BETTER LIFE BETTER DECISIONS

How Invisible Cities Made Me Think Differently About Places I’ve Lived

Some books don’t ask you to follow a story. They just sit with you for a while, like a quiet guest. Invisible Cities by Italo Calvino is one of those books.

It’s not new. It was published in 1972. It’s not long either—you could finish it in a few hours if you really wanted to. But that’s not how it works. This is a book you read slowly, without rushing, maybe one short piece at a time. You open it, read about a strange city that may or may not exist, and then close the book and keep thinking about it.

Marco Polo speaks to Kublai Khan. He tells him about the cities he’s seen. Or says he’s seen. Each city has a name, a pattern, something that makes it stand out. But none of them feel like actual places. What they describe is more personal—memory, routine, loss, repetition, hope.

I read this book while I was in between places. Not quite settled, not quite uprooted either. And the way Calvino wrote about cities made me stop and think: not about geography, but about the emotional shape of places. How some cities stay with you long after you’ve left. How others seem to erase themselves while you’re still there.

Some of the cities in the book sound familiar, even though they’re fictional. A city built on memory. One where the streets are shaped by desire. Another where everything looks the same but changes constantly. You start to recognize these places—not on a map, but in your own past.

If you’ve lived in many cities—or even just left one behind—this book feels different. Not poetic in a flowery way. Not clever just to be clever. More like someone put into words what you’ve been feeling all along but couldn’t quite explain.

This isn’t a book to finish and forget.
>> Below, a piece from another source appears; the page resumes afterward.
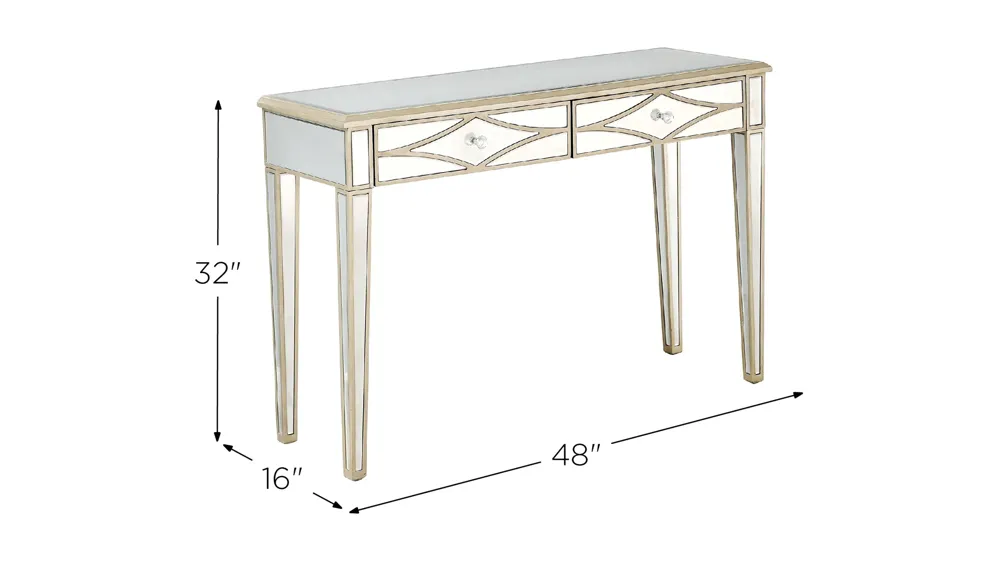 Huxley Sofa Table Dimensions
It’s a book you keep near you and open when your mind is already somewhere else. It doesn’t offer advice. It doesn’t promise clarity. It just reminds you that cities affect people. Sometimes they comfort. Sometimes they erase you. And sometimes, they hold a version of you that no longer exists.

If you’ve ever wondered what a place has done to you—how it’s shaped your habits, your thoughts, your version of yourself—this book gets it.

I’m not writing this to recommend a book. I’m writing it because Invisible Cities made me realize how quietly cities work on us. How we collect them inside ourselves. And how they never really go away.